EU foreign policy chief calls for 'international unity' following Brussels terror attacks

A "sad day for Europe" says Federica Mogherini.

By Martin Banks

Martin Banks is a senior reporter at the Parliament Magazine

23 Mar 2016

EU leaders have been quick to respond to the attacks in Brussels with the foreign policy chief Federica Mogherini appealing for "international unity" in tackling terrorism.

The Italian EU official's comments come as Belgium declared three days of mourning in the wake of the terrorist attacks on Tuesday that killed 34 and injured scores of others.

Today, Wednesday 23rd March, people were asked to observe a minute's silence in Brussels at midday in memory of the victims.

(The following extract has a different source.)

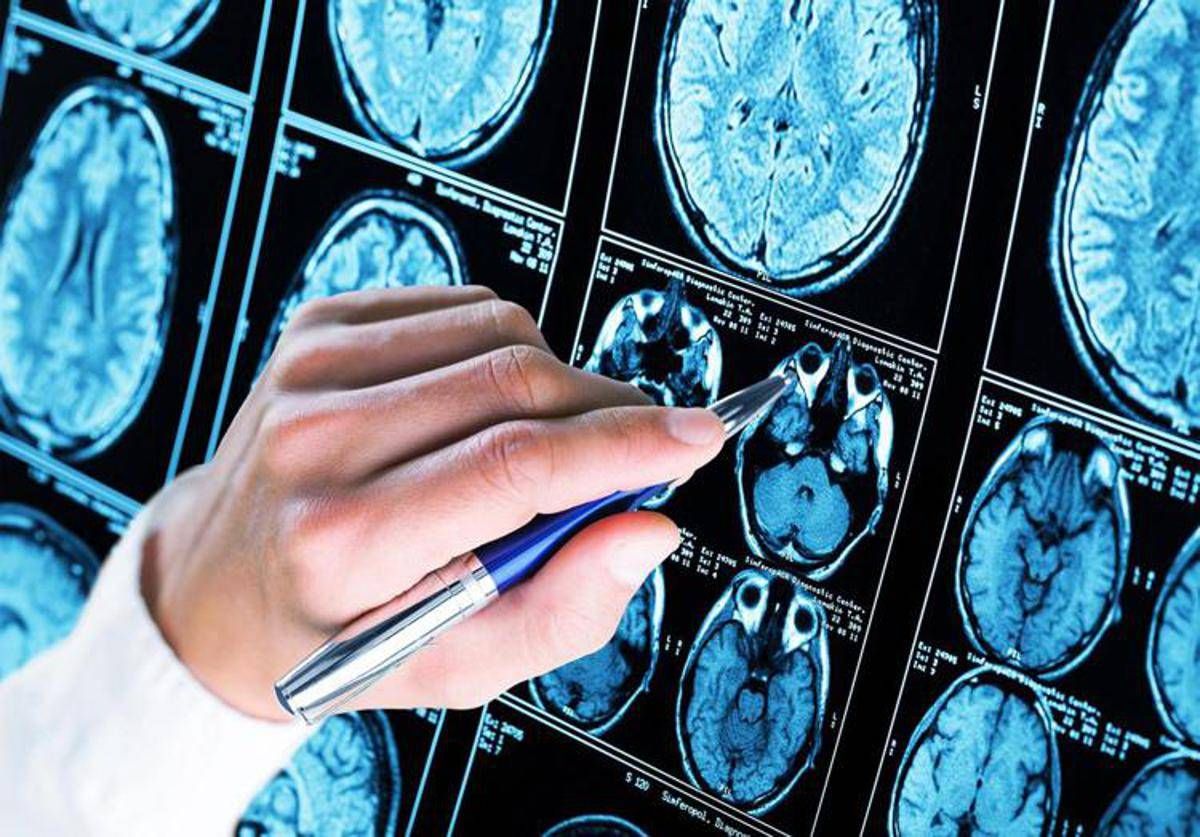 Farmaci, ok Ema a donanemab, neurologi: "Svolta in lotta all'Alzheimer" -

Speaking on the second day of a trip to Lebanon and Jordan, Mogherini, the EU's High Representative for foreign policy, broke down in tears as she called the attacks a "sad day for Europe."

During an emotional press conference in Amman, together with Jordanian Foreign Minister Nasser Judeh, she said, "Europe and its capital are suffering the same pain that this region has known and knows every single day, be it in Syria, be it elsewhere.

"It is quite clear that the roots of the pain we are suffering around our region are very much the same and that we are united in not only the suffering of the victims, but also in reacting to these acts and preventing radicalisation and violence together. The terrorists will not divide us."

As the manhunt continued for those behind the latest terrorist outrage, European Council president Donald Tusk said he was "appalled" by the bombings which had "cost innocent lives."

The former Polish PM added, "These attacks mark another low by the terrorists in the service of hatred and violence. The European institutions are hosted in Brussels thanks to the generosity of Belgium's government and its people. The European Union returns this solidarity now and will fulfil its role to help Brussels, Belgium and Europe as a whole counter the terror threat which we are all facing."

Elsewhere, a statement issued by the European Council said the EU "mourned" the victims of "an attack on our open democratic society."

It went on, "Our common European institutions are hosted in Brussels, thanks to the generosity of the government of Belgium and the Belgian people. The EU and its member states stand firm with Belgium in solidarity and are determined to face this threat together with all necessary means.

"This latest attack only strengthens our resolve to defend European values and tolerance from the attacks of the intolerant. We will be united and firm in the fight against hatred, violent extremism and terrorism.

Further reaction came from Belgium PM Charles Michel who said, "What we feared has happened."

Meanwhile, the EU institutions extended their advice to staff to work from home if possible, or remain inside buildings as the security alert remained at "orange", or the highest possible.

The city's airport, scene of the first attack by suicide bombers, remained closed Wednesday and the transport network in Brussels was still subject to severe restrictions.

The rush hour bombings came days four days after the capture of Salah Abdeslam, the fugitive wanted in connection with the Paris attacks last November.